▸ **EXCERPTED RECORDS**
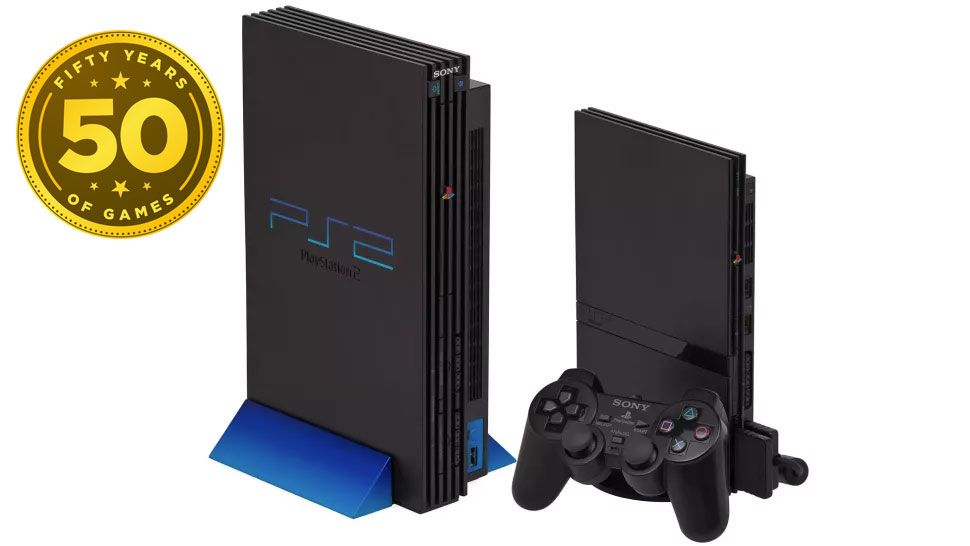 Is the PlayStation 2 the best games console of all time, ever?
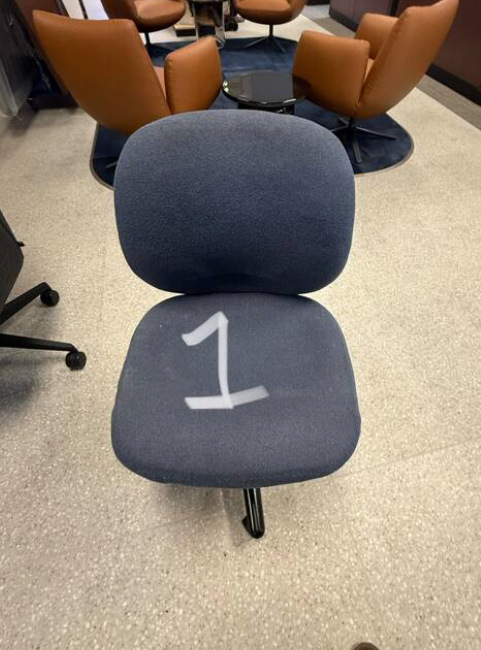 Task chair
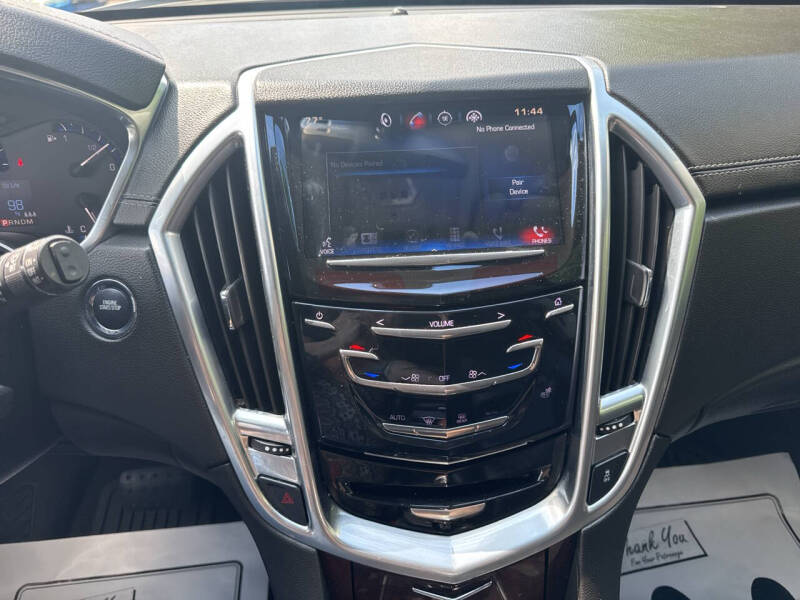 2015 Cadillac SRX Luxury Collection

* * *

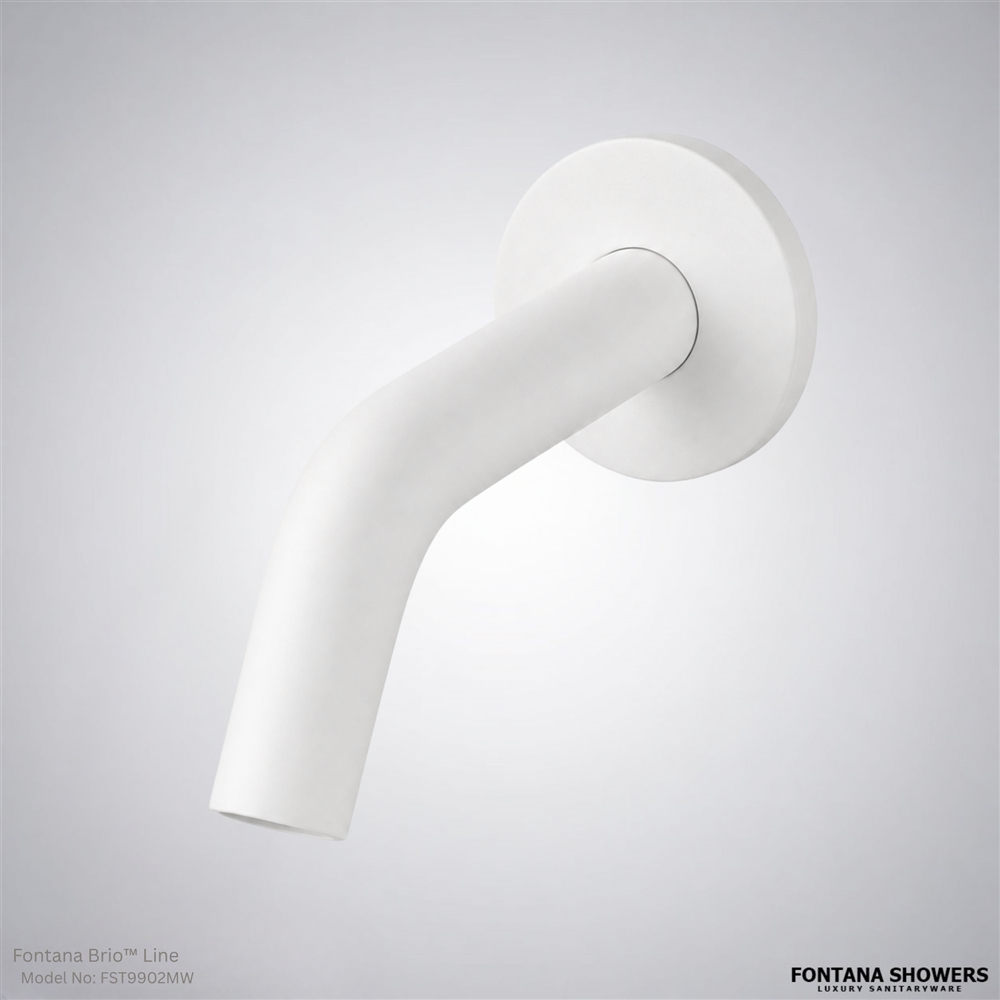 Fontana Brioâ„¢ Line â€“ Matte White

▸ **EXERCISE BRIEF**
Reproduce exactly the lines above starting at the line containing "Is the PlayStation" and ending at the line containing "2015 Cadillac SRX Luxury Collection", including both, but not the pictures.

▸ **ANSWER BELOW**
 Is the PlayStation 2 the best games console of all time, ever?
 Task chair
 2015 Cadillac SRX Luxury Collection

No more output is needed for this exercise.